Please transcribe exactly the lines from the line holding "BYOD sign icon." through the end of the data below, and skip any pictures.

#### [Dataset section]
------------------------
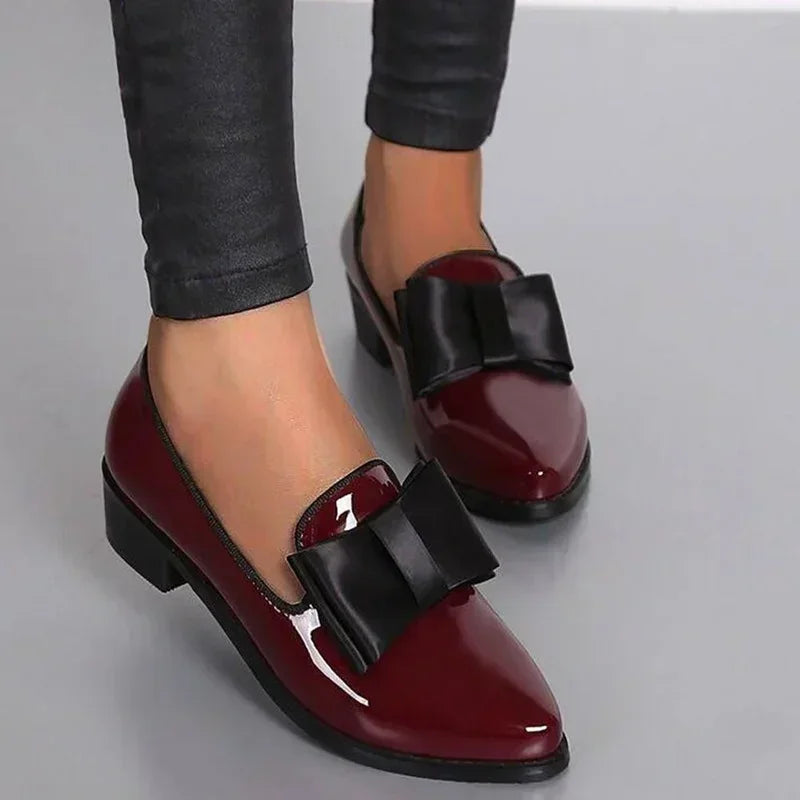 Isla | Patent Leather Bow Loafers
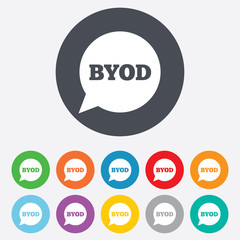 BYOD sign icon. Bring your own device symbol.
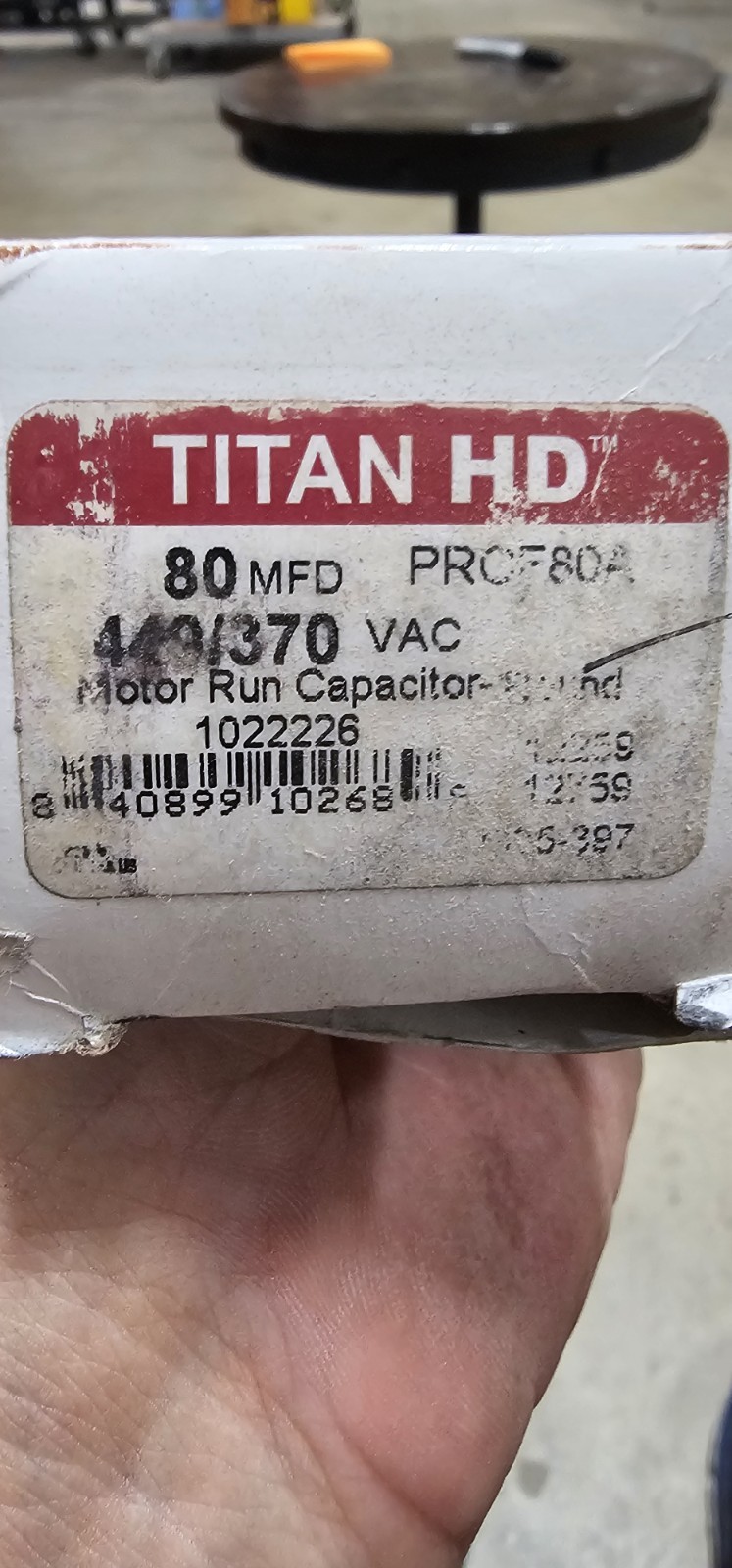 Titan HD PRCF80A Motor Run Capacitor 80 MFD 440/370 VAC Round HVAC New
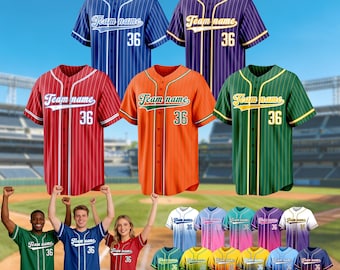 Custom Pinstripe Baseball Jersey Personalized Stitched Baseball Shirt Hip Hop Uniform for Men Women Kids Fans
------------------------
#### [Final answer]
 BYOD sign icon. Bring your own device symbol.
 Titan HD PRCF80A Motor Run Capacitor 80 MFD 440/370 VAC Round HVAC New
 Custom Pinstripe Baseball Jersey Personalized Stitched Baseball Shirt Hip Hop Uniform for Men Women Kids Fans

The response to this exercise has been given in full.